Microfibras contaminacion

Cuatro años bastaron para que las fibras consiguieran finalmente la atención de todos. La ciencia ha demostrado que las plantas de tratamiento de aguas residuales no son capaces de filtrar todas esas microfibras sintéticas, y que las toxinas como el DDT y PCB se pueden combinar con estas en su camino a las cuencas hidrográficas. También mostró que las pequeñas especies acuáticas ingieren las fibras, y que los peces y bivalvos que se venden para el consumo humano también contienen microfibras. Los experimentos han demostrado que estos microplásticos pueden dar lugar a problemas de salud en algunas especies, y actualmente se investiga acerca de como afectan al ser humano.

Jill Dumain, director de estrategia medioambiental de Patagonia, fue una de las personas que mas atención prestó a todas estas noticias. A principios de 2015, él y los altos cargos de la compañía decidieron encargar un estudio con el fin de averiguar si realmente los tan apreciados forros, iconos de la marca Patagonia y otros productos sintéticos estaban contribuyendo al problema. Los resultados fueron recientemente publicados y no fueron para nada buenos.

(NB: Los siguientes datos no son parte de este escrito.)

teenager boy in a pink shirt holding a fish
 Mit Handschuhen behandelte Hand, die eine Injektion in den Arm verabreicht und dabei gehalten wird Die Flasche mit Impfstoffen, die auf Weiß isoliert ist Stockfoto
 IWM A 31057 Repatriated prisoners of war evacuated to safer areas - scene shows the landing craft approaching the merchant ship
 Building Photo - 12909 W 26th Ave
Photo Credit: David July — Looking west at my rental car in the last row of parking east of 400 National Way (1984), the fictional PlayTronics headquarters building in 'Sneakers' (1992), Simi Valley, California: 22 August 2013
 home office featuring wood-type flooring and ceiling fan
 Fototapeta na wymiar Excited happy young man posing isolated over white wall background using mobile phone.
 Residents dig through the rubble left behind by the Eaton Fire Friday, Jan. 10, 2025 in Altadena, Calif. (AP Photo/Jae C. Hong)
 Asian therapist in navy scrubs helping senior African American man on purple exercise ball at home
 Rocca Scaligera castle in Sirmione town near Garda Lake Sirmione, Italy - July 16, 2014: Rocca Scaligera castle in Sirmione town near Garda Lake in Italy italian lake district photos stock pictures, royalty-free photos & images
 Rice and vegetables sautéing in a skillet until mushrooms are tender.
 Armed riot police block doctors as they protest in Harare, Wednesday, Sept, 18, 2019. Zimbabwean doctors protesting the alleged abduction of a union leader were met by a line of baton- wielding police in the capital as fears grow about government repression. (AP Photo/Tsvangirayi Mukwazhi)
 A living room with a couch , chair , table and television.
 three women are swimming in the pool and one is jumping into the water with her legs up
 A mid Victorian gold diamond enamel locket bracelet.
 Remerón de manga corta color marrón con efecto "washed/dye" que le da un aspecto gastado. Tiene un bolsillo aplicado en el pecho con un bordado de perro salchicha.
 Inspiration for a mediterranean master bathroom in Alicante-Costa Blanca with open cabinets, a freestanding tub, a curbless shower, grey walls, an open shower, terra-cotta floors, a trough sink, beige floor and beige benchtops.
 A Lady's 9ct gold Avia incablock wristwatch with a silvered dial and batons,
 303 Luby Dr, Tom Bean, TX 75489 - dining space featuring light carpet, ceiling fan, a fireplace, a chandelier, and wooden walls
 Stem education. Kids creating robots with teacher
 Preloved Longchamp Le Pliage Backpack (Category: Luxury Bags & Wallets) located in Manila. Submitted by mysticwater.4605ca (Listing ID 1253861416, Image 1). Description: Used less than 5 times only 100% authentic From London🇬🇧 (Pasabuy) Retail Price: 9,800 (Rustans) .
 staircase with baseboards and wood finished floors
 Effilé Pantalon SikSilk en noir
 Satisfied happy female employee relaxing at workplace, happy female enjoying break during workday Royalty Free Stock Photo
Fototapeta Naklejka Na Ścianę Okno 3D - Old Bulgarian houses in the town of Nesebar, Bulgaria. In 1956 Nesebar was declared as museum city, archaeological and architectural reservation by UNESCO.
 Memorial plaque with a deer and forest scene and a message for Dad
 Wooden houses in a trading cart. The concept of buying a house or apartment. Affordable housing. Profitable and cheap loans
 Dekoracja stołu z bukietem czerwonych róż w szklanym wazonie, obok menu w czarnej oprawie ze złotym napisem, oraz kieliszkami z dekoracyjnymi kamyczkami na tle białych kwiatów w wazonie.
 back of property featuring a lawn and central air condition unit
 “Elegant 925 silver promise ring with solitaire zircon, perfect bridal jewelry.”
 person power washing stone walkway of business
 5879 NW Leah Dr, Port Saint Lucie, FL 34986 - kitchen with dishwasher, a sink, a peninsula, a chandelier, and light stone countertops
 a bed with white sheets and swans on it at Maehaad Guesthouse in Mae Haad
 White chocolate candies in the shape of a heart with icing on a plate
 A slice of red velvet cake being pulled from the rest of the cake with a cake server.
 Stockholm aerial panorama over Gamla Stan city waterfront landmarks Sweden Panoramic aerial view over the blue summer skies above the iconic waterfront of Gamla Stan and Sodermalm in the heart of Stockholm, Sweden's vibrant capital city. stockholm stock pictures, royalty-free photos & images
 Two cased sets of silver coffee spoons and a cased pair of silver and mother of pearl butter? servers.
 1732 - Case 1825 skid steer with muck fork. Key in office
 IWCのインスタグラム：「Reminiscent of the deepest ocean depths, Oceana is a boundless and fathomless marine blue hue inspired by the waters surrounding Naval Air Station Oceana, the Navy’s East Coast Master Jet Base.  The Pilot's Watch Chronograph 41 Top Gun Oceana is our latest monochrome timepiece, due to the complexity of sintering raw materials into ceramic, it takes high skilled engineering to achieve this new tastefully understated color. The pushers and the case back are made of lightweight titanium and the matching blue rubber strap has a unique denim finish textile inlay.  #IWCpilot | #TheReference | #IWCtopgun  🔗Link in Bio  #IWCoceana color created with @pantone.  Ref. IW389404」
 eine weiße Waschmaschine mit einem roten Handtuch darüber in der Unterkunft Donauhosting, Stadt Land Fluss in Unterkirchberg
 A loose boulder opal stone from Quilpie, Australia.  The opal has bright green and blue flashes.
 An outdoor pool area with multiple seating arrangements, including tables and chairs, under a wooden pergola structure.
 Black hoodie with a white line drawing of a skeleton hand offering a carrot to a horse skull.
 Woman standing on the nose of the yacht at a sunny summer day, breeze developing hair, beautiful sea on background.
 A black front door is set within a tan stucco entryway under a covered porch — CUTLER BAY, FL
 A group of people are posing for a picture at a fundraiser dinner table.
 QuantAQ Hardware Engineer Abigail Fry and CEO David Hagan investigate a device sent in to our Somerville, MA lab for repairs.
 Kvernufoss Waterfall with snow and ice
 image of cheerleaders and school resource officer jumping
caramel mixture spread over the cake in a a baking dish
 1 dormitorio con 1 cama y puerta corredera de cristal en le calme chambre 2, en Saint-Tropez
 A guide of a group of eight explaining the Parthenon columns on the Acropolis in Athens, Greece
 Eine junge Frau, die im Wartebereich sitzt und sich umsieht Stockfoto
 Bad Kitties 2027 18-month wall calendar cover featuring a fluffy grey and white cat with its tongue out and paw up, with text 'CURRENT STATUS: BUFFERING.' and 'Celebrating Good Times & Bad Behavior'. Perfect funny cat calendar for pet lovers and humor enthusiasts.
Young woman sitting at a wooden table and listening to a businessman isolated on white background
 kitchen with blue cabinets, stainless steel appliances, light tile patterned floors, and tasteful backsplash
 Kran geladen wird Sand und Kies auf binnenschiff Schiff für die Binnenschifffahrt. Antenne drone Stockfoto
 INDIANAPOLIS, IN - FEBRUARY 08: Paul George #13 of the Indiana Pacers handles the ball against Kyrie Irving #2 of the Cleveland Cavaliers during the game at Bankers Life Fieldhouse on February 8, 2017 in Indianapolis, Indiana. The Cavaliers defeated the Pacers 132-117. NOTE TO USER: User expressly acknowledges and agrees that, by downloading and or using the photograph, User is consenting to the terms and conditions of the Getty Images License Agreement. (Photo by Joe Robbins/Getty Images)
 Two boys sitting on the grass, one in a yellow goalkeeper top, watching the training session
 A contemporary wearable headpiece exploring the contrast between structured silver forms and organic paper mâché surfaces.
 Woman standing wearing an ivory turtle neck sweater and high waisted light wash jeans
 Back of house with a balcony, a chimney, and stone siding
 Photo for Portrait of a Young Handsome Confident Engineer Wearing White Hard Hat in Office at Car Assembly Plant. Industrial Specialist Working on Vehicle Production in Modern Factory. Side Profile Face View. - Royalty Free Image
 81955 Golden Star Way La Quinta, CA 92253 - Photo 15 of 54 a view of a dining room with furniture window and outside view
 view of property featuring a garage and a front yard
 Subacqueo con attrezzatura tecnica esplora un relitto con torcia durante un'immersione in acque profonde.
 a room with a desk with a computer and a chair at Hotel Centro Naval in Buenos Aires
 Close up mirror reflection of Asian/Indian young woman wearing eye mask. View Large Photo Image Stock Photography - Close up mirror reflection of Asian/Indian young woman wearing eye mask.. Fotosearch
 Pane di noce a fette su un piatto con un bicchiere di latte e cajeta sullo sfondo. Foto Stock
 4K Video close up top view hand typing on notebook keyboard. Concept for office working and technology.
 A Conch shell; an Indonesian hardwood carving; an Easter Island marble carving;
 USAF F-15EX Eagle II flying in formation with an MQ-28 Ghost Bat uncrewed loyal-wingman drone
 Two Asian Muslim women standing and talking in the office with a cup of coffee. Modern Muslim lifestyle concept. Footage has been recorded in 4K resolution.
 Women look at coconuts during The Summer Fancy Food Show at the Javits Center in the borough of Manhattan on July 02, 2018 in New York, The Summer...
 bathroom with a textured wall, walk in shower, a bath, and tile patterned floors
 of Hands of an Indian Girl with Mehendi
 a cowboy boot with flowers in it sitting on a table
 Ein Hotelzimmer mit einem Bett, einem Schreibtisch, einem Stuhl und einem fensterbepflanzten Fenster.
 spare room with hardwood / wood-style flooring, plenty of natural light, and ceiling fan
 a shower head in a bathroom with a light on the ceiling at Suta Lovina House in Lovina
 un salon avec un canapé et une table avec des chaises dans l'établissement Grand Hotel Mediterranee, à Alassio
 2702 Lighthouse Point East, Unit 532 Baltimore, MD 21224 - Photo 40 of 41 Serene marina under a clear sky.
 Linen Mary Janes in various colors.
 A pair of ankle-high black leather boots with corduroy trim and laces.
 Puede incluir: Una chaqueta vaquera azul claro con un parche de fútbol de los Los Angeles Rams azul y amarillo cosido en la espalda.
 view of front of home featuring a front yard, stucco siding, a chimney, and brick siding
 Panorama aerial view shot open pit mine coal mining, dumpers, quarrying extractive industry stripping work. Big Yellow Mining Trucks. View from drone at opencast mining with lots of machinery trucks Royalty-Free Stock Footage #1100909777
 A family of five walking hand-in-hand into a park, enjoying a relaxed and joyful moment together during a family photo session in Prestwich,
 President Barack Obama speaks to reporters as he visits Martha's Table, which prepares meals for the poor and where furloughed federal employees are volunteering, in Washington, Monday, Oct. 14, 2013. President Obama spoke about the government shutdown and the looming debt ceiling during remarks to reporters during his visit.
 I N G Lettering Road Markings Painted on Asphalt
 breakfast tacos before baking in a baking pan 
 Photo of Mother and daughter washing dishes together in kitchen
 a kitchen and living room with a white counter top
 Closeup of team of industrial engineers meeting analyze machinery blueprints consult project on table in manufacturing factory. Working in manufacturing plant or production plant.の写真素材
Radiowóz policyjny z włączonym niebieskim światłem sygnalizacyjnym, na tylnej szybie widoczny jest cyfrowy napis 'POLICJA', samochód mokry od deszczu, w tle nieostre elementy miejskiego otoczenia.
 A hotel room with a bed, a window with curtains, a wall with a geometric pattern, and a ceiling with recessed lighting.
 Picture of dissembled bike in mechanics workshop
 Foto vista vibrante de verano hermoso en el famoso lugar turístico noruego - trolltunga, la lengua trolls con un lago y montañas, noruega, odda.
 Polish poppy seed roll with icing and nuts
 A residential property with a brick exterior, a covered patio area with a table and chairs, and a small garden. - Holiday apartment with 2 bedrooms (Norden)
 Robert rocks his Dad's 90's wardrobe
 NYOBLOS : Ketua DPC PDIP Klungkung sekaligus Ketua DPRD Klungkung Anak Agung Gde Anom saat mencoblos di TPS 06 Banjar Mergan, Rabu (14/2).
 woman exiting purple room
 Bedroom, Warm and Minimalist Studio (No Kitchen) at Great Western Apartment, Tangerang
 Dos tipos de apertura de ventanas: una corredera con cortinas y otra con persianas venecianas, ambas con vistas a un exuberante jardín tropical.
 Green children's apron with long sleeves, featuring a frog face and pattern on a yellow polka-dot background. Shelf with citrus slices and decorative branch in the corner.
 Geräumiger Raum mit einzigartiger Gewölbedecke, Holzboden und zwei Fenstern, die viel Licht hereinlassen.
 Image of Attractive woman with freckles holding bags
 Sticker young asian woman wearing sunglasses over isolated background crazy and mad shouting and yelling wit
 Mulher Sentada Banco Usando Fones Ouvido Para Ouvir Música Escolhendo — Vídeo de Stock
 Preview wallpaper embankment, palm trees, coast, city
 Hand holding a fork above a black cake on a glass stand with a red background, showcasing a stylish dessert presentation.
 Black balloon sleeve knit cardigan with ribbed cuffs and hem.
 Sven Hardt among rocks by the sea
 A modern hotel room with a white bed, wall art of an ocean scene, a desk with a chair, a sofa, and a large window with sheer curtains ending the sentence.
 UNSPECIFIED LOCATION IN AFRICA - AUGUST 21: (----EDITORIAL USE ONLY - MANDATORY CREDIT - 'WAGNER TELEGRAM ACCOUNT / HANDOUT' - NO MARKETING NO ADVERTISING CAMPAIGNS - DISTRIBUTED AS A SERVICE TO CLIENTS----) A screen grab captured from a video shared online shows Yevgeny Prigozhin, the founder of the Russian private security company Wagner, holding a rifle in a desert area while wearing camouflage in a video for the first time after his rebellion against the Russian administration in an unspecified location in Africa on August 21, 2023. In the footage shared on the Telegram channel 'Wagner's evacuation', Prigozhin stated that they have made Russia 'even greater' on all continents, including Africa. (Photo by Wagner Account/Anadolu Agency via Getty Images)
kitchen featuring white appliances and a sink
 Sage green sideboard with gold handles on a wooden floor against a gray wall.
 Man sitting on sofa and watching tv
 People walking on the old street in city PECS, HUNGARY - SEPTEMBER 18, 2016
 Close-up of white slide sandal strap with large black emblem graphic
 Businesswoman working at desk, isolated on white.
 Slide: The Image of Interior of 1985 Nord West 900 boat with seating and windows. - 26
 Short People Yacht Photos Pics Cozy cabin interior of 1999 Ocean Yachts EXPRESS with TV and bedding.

El estudio, realizado por estudiantes graduados en la Escuela de Ciencias y Gestión Ambiental de la Universidad de California, demostró que durante el lavado, una sola chaqueta de microfibras desprende hasta 250.000 fibras, unas cuantas más que las 1.900 encontradas por Browne en su primer estudio. Basándose en que los propietarios de estas prendas lavan unas 100.000 chaquetas cada año, la cantidad de fibras que son liberadas al desagüe es equivalente a la cantidad de plástico de unas 11.900 bolsas de supermercado.Unbenannt

El experimento se llevó a cabo en cinco prendas: Tres chaquetas de microfibra, cada una con una construcción diferente, una chaqueta de protección “shell” de nylon con aislamiento de poliéster, y otra chaqueta de microfibra “económica” de una marca no revelada. Réplicas de cada chaqueta se lavaron varias veces, tanto en lavadoras de carga frontal como de carga superior. Se recogió el agua de cada ciclo y se pasó por un sistema de filtración de dos etapas que capturó fibras entre 333 y 20 micrómetros.

Posteriormente se sometió a las chaquetas a un “lavado asesino,” de 24-horas que Patagonia utiliza para simular el envejecimiento de sus prendas. Con esto se quería averiguar si las prendas, al envejecer, desprenden mas fibras que en su origen. Después de repetir los ensayos de lavado/envejecido en estas chaquetas, vieron que la liberación de fibras aumenta en un 80% en prendas envejecidas.

En estudios previos, los investigadores contaron el número total de fibras, algo no viable en este estudio debido a la cantidad de agua y residuos recogidos. En esta ocasión se centraron en la masa residual. El uso de una ecuación ampliamente utilizada en la industria textil para determinar el número de fibras por masa, dio como resultado que el máximo de fibras liberadas de una sola chaqueta se hallaba en torno a las 250.000, y la media de todas rondaría las 81,317 fibras.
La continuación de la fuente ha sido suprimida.